Using the records below, give again exactly the lines from the line that contains "Silla de Oficina" through the line that contains "Set Hase Pibu", both ends included, and only those.

**Entries provided:**
————————
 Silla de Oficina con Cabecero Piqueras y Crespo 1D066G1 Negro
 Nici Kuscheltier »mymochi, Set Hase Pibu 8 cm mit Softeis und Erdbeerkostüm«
————————
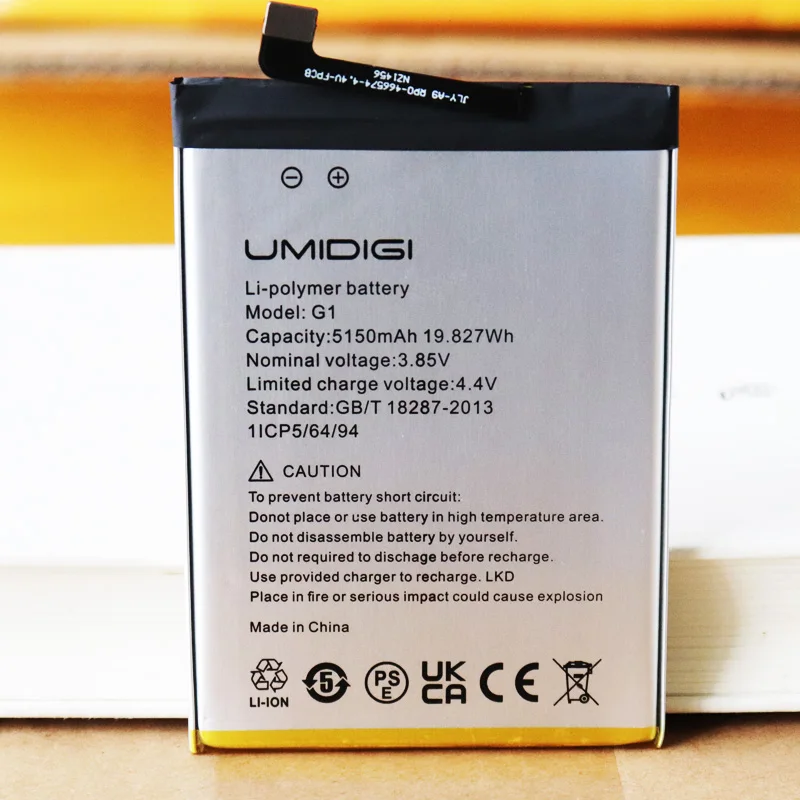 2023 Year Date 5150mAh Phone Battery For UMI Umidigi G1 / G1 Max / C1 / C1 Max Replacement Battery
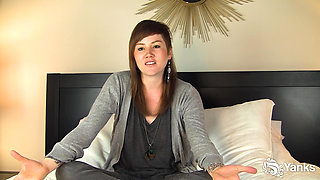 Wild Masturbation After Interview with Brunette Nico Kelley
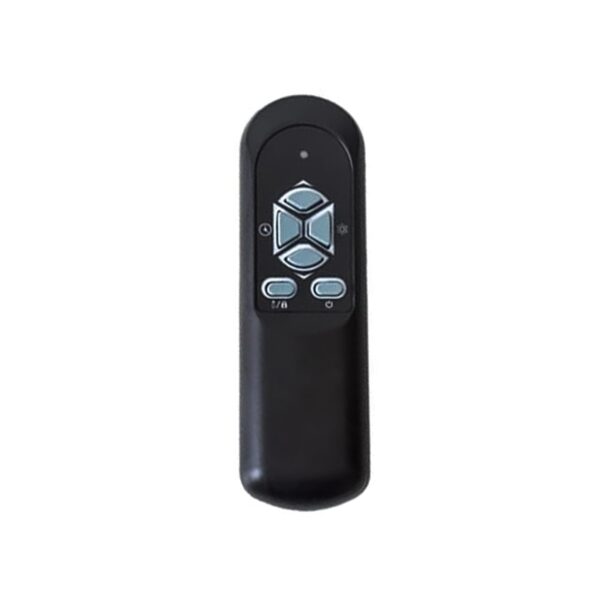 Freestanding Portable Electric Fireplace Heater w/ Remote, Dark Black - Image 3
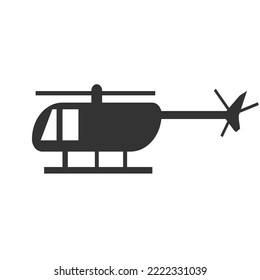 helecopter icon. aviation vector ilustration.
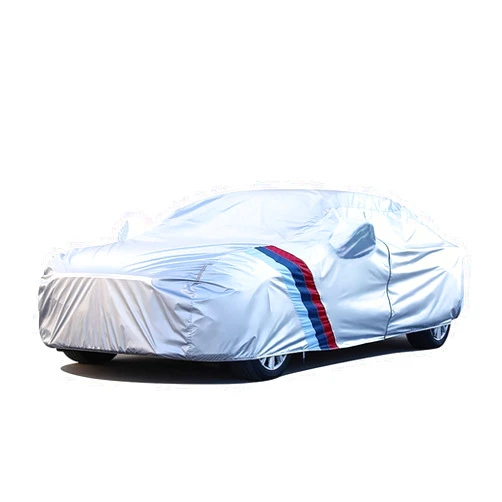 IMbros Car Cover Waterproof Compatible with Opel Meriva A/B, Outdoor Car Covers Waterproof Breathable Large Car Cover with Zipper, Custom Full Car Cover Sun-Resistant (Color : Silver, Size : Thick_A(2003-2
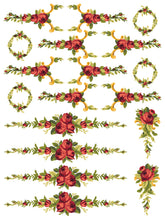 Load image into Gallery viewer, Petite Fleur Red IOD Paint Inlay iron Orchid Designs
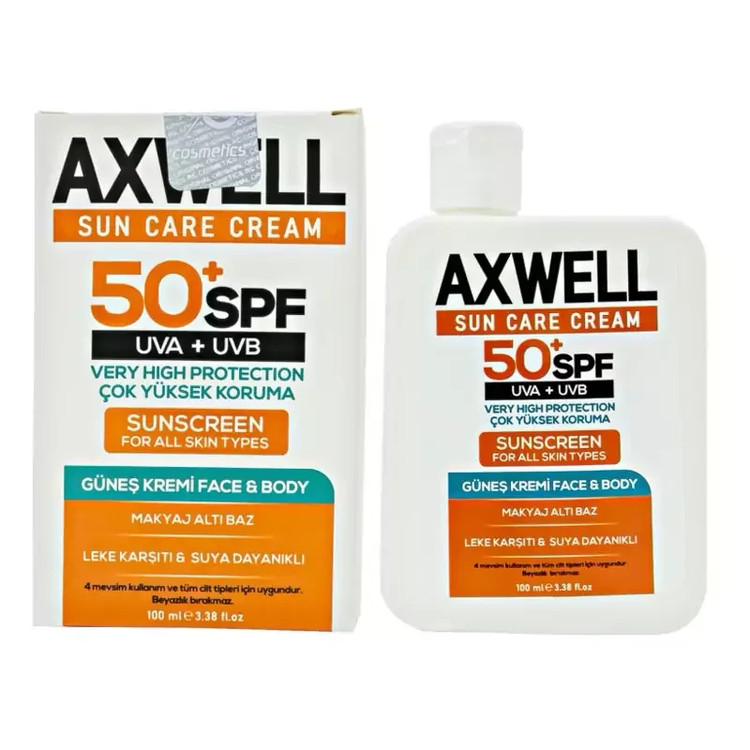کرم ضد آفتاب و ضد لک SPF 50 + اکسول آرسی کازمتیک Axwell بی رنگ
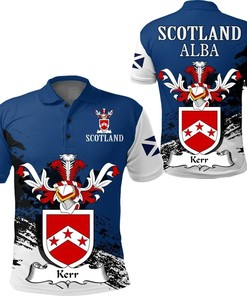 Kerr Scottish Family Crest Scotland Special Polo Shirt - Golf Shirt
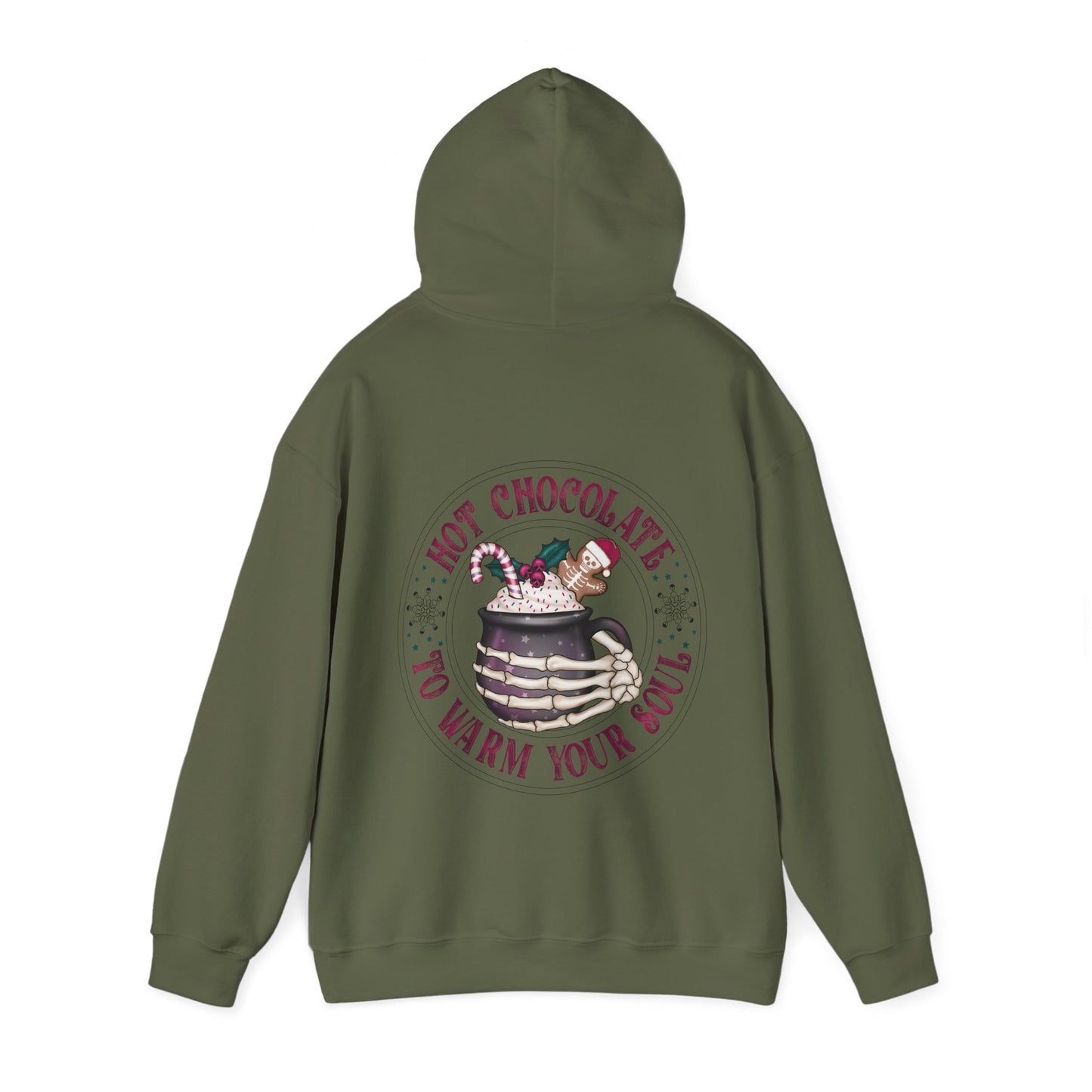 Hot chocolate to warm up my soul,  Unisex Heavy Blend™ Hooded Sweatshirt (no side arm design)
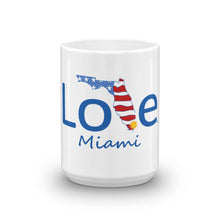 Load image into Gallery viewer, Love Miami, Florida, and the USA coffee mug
————————
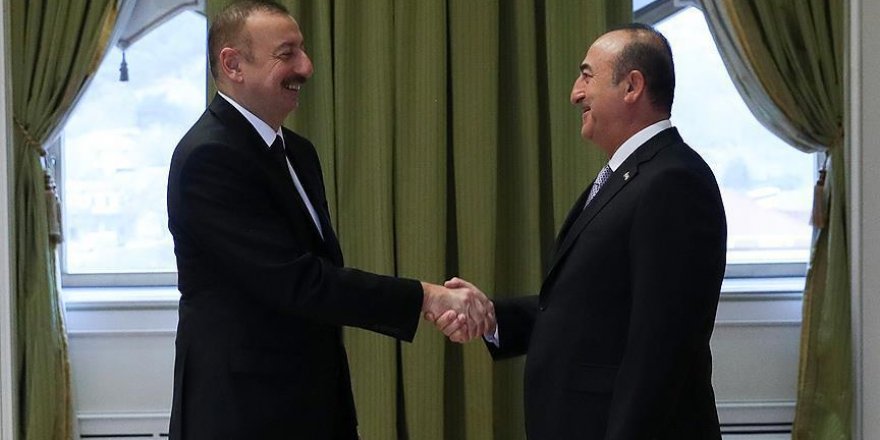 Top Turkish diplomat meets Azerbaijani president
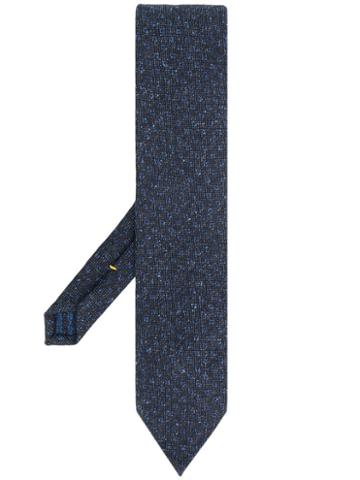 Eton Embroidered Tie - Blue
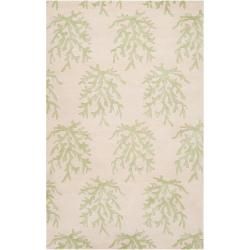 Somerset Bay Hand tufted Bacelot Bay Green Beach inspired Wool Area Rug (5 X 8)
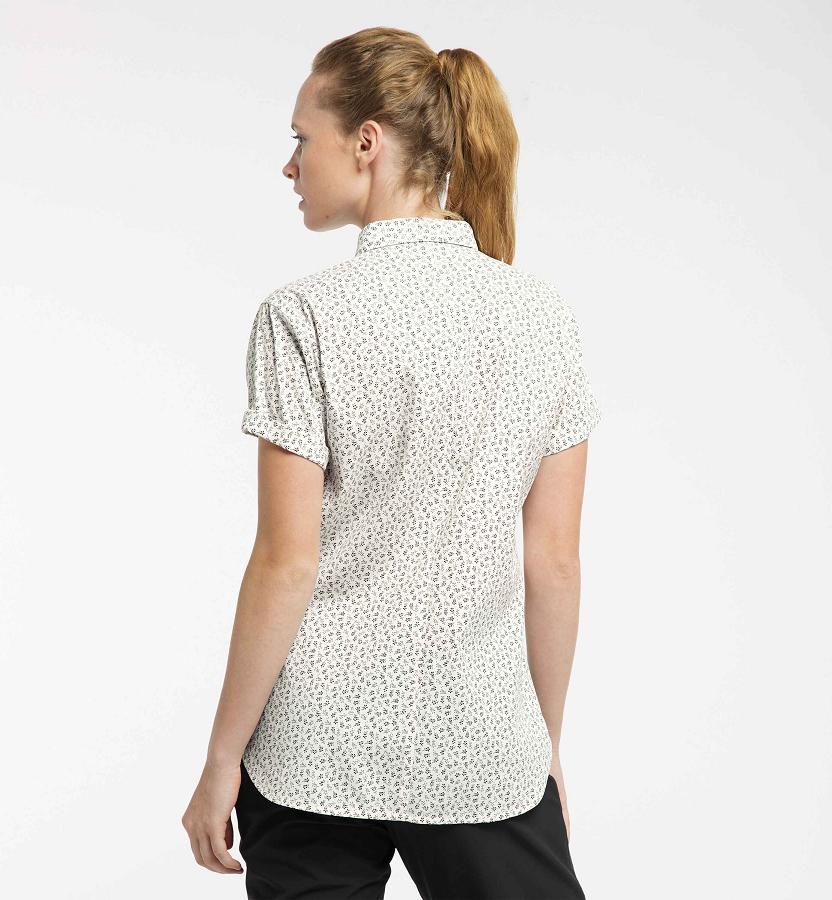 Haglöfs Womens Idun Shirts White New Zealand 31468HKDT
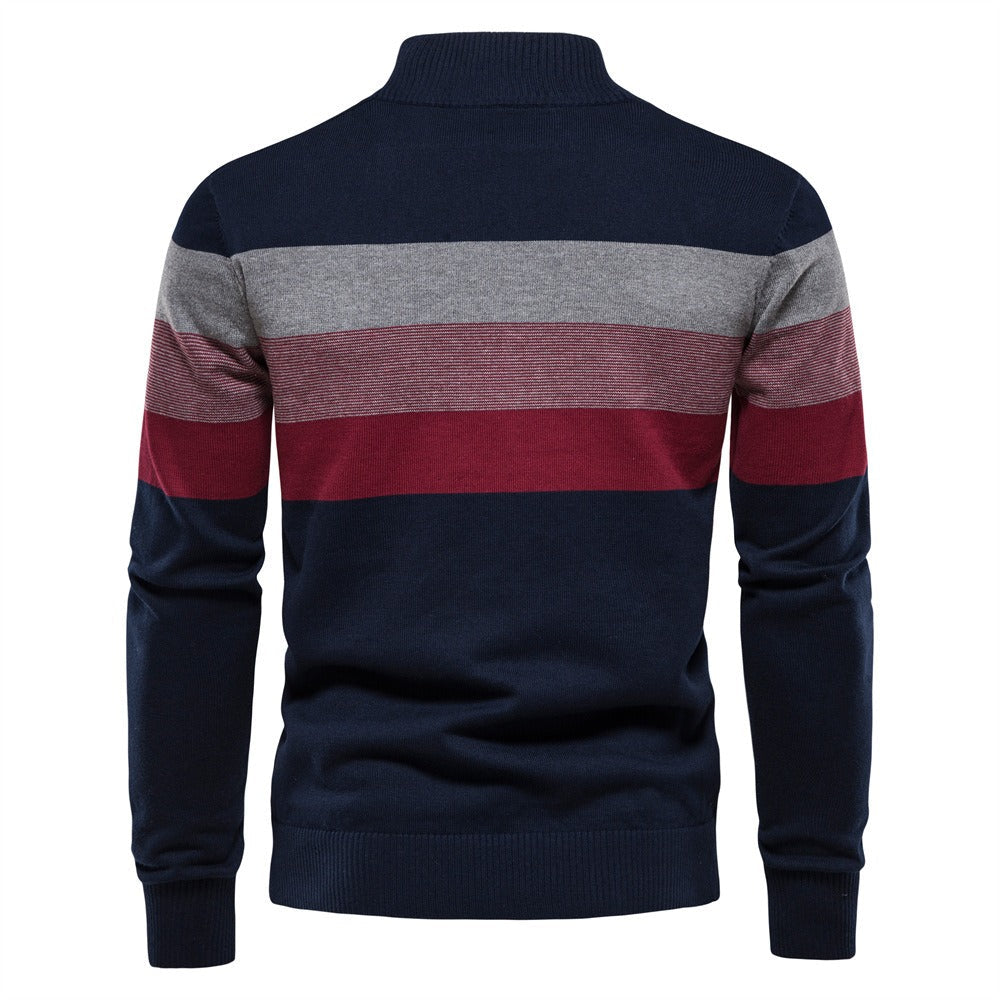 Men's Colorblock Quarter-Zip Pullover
————————
**Exercise answer:**
 Silla de Oficina con Cabecero Piqueras y Crespo 1D066G1 Negro
 Nici Kuscheltier »mymochi, Set Hase Pibu 8 cm mit Softeis und Erdbeerkostüm«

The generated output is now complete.